Spinoza here speaks in the first person again about his own process. 
He is not didactic in tone, rather he is sharing his experience. I think
this "prelude" part of the Improvement is unique among all of Spinoza's
writing for its autobiographical, down to earth and direct explanation to 
readers about his personal pilgrimage out of society as he knew it and
into the metaphysical philosophy that he was too pronounce "the true
philosophy. However, for me, like the man Spinoza claimed to embody
the idea of God, Jesus of Nazareth, we find that his "yoke is gentle."
In other words, I find Spinoza's simple descriptions of his process contain
little of condescension or a berating of the reader that one finds in some
philosophers and many theologians.  These paragraphs we are examining
bring to mind a passage of the Gospel According to Matthew.  However,
we will find that Spinoza is not so committed to the notions that immediate
and complete renunciation of the worldly is a prerequisite.  More to come 
on that issue.
*****
Matt. 19:21 Jesus said unto him, If thou wilt be perfect, go and sell
that thou hast, and give to the poor, and thou shalt have treasure in
heaven: and come and follow me.
Matt. 19:22 But when the young man heard that saying, he went away
sorrowful: for he had great possessions.
Matt. 19:23 Then said Jesus unto his disciples, Verily I say unto
you, That a rich man shall hardly enter into the kingdom of heaven.
Matt. 19:24 And again I say unto you, It is easier for a camel to go
through the eye of a needle, than for a rich man to enter into the
kingdom of God.
Matt. 19:25 When his disciples heard it, they were exceedingly
amazed, saying, Who then can be saved?
Matt. 19:26 But Jesus beheld them, and said unto them, "With men this
is impossible; but with God all things are possible."
*****
"The warrior's way offers a man a new life and that life has to be
completely new.

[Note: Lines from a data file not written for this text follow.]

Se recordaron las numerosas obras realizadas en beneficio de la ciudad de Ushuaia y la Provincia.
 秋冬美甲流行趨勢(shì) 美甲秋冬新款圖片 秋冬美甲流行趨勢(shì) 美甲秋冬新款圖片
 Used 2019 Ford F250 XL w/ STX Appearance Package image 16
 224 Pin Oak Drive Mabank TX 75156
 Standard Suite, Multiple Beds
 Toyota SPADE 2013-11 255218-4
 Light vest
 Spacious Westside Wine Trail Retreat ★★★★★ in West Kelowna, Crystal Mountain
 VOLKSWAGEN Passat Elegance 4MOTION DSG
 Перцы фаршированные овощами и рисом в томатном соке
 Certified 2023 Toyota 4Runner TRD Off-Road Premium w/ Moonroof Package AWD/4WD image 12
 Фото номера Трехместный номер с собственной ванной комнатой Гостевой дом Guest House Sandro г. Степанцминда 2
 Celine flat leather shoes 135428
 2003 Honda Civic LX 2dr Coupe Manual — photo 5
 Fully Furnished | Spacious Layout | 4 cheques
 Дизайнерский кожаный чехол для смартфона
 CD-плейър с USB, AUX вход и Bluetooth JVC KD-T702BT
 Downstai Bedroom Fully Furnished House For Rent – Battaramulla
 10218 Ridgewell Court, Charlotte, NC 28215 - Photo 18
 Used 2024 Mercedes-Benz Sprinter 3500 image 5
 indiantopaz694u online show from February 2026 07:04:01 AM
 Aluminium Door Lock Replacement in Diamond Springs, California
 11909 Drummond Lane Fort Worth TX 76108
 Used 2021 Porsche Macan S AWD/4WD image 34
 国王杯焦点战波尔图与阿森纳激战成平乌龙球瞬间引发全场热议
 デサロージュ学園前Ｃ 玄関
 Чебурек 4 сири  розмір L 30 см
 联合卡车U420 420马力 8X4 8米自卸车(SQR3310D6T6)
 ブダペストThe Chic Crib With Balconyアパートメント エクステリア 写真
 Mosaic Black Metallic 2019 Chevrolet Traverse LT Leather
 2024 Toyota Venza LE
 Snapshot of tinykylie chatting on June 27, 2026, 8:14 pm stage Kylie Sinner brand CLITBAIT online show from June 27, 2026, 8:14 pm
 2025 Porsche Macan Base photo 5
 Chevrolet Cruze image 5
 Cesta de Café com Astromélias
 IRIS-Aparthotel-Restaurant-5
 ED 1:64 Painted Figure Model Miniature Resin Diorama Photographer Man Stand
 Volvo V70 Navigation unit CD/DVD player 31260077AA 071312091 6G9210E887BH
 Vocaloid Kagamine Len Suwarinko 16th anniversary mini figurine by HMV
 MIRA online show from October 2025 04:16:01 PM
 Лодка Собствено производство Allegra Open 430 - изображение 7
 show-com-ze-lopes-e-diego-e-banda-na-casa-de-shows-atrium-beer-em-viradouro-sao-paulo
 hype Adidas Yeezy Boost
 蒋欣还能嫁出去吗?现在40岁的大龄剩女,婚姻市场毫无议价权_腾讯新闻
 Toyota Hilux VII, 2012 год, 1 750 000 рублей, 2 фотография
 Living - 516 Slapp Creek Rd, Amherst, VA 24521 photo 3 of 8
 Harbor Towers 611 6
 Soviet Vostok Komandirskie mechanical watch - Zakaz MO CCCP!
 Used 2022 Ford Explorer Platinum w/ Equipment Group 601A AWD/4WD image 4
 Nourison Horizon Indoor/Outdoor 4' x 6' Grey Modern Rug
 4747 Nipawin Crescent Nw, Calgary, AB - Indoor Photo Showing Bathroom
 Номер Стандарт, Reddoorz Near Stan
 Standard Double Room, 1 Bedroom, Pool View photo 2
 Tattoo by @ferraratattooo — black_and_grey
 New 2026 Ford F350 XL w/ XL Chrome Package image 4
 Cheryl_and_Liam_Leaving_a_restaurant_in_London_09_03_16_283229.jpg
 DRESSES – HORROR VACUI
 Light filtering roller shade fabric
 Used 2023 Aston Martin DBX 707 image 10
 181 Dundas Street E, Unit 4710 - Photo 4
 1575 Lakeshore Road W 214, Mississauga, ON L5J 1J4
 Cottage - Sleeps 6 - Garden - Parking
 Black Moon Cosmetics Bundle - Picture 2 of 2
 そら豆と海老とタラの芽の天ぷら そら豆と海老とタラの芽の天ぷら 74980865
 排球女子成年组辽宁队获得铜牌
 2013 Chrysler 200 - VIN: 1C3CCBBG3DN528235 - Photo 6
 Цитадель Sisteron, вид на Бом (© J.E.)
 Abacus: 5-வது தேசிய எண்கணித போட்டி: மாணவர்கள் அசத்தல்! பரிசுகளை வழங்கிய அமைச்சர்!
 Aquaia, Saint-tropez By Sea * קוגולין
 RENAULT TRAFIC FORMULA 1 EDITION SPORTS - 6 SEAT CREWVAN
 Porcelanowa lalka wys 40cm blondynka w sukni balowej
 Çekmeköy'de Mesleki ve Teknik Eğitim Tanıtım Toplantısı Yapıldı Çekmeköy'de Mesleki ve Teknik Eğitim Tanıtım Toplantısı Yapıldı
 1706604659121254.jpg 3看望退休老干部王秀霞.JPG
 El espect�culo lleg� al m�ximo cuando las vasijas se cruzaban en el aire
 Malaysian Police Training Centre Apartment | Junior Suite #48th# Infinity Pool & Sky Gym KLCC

He can't bring to that new life his ugly old ways."
-Don Juan Matus




Friday, March 1, 2013

re: "the Objects of My Fears..."



==========
 "...seeing that none of the objects of my fears contained in
 themselves anything either good or bad, except in so far as the mind is
affected by them...."
-Spinoza
==========
Stuart asked, regarding the citation above:

> What is the exact content of this recognition? That there are no
> human values independently of how things affect us individually and
> collectively? He refers to the fearfulness with which he responds
> to these objects. Which objects or events are objects that are
> normally feared? What is the precise significance of the
> qualification "except as the mind is affected by them....?" What
> else would anyone fear other than the painful or negative effects
> external events would have on one's experience? What alternative
> point of view is he actually ruling out here with this
> qualification? It is clear that the antidote would be an experience
> that is not sporadic (continuous) nor of partial value (supreme)
> nor is it finite (unending). Does the third characteristic imply
> transcendence of some sort? At first reading this seems an almost
> childish quest since the goal, the antidote to the vanity and
> futility of things, seems so escapist and fanciful. At first blush,
> even if not sheer fantasy, it certainly seems improbable that it
> could be attained.

In the sense that a child may be simple, the quest is to be made simple
and to live as such, integrating experience into this overarching simplicity
that is The Real.

I think Spinoza agrees that few attain his aims.  At the very end of
the Ethics, he makes it clear that even finding a Way to progress
toward such lofty goals is improbable.  Even so, some of us, seeing
that "all is vanity" as it says in Ecclesiastes (which Spinoza knew well
I expect) and that there are "flashes" of this ecstatic and eternal being,
find nothing so enthralling as endeavoring to come to our own under-
standing of this Wisdom that seems to exist in one form or another in
almost all human cultures.  Spinoza is uniquely Western, not to diminish
the influence of Maimonides, Crescas et. al, but Spinoza attempts a
scientific approach to his subjects, even though their exists an enigma
about the "true idea conceived only through intuition" which seems
doubtful of being studied rationally, with detachment.  More about
this later.

I have the same questions about "the exact content of this
recognition." The best I can do so far is to observe, moment to
moment, for examples within the content of my own thoughts/feelings,
and to realize it when I don't fully understand why I have them,
although I could "explain," or the "explanation" may even be quite
"obvious." They are there, these fears. To say simply, "I don't know,"
is that not a simple idea?  I think we can leave aside for now
fears such as an imminent shark bite, or a close brush with a car collision.
I have imaginary fears, and these are what I am interested in for now,
often concerning things over which I have no control. Do you have
any fears which you realize are useless, either because they are
completely imaginary, or you can't do anything about them, or both?
These fit the bill for me, for openers at least. They are aspects of "me," and 
to understand me,myself, I, is to know a thing-in-itself-the philosopher's
stone, if you will.  Understanding the root of conditioning is something
utterly beyond merely analyzing an experience.  It is seeing "underneath"
all the complexity, as if viewing a great building from beneath the foundation,
which would seem to hide its footprint from all light.  But, underneath, it is
full of Light, regardless of what has sprung up, be it grand cathedral or some
cardboard hovel in the riverbottom where the homeless dwell.  Spinoza, we
will find, states that to really understand a thing, we must understand its 
cause, rather than observing its effects and then inferring the cause.  He
would say, "Where there's fire, there's smoke."  But we get ahead of ourselves,
as this will come out later in the treatise.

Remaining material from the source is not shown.